◆ Recorded data
+ + + + + + +
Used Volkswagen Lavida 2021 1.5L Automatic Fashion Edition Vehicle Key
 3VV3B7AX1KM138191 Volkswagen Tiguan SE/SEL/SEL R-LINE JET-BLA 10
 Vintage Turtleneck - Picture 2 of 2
+ + + + + + +
◆ Task objective
From the line containing "3VV3B7AX1KM138191 Volkswagen Tiguan" through the closing line of the material above, return every line exactly and omit all others.

◆ Solution to this exercise
 3VV3B7AX1KM138191 Volkswagen Tiguan SE/SEL/SEL R-LINE JET-BLA 10
 Vintage Turtleneck - Picture 2 of 2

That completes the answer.